**THE DATA:**
-*-*-

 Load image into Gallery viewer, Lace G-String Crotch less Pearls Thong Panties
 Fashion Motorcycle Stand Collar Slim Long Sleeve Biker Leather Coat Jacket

-*-*-

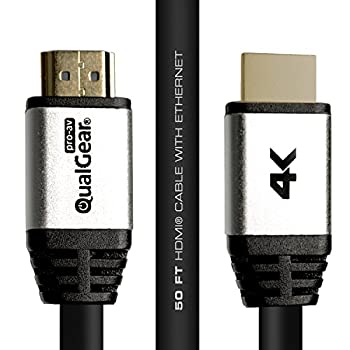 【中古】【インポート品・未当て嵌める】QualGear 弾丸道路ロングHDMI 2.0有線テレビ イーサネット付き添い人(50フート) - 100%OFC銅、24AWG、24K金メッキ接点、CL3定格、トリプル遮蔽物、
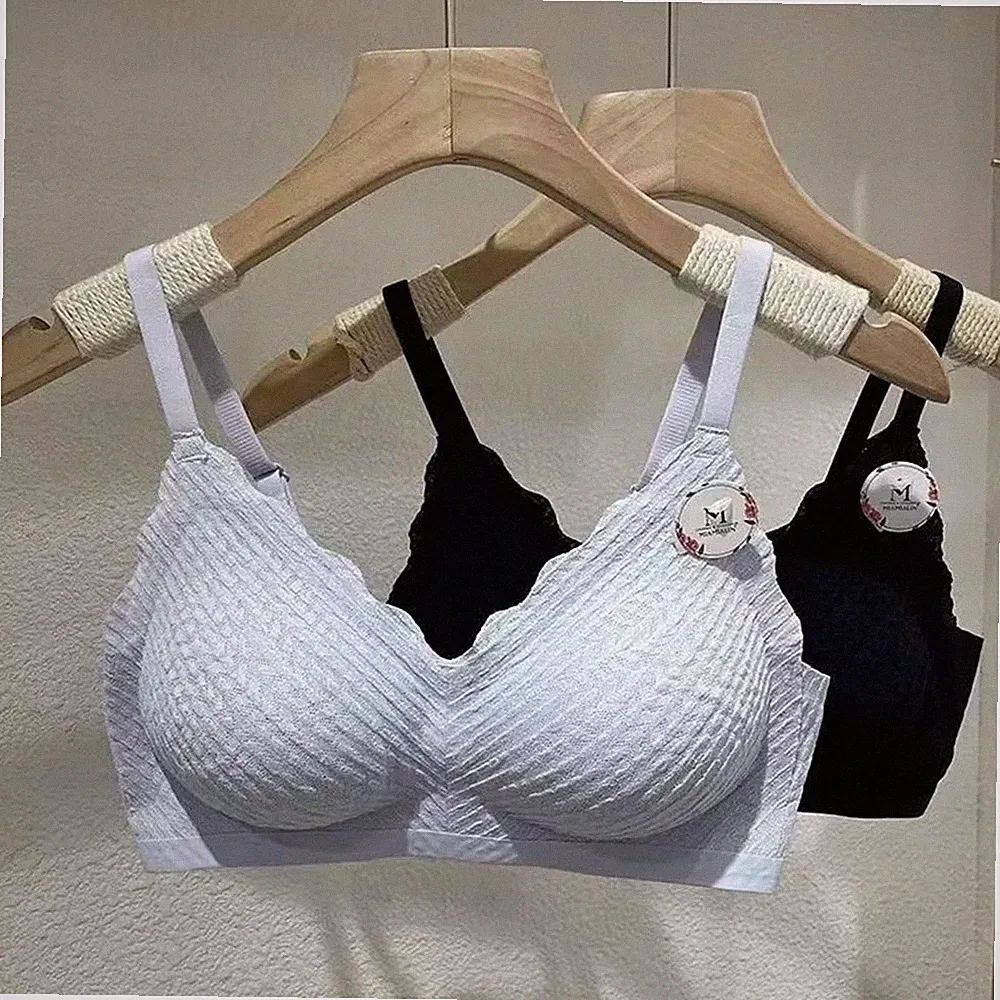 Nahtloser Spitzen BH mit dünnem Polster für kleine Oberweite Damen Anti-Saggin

-*-*-

**REQUIRED ACTION:** In the listing above, transcribe exactly everything from the line containing "Load image into" down to the line containing "Fashion Motorcycle Stand", including both and nothing more.

**EXERCISE OUTPUT:**
 Load image into Gallery viewer, Lace G-String Crotch less Pearls Thong Panties
 Fashion Motorcycle Stand Collar Slim Long Sleeve Biker Leather Coat Jacket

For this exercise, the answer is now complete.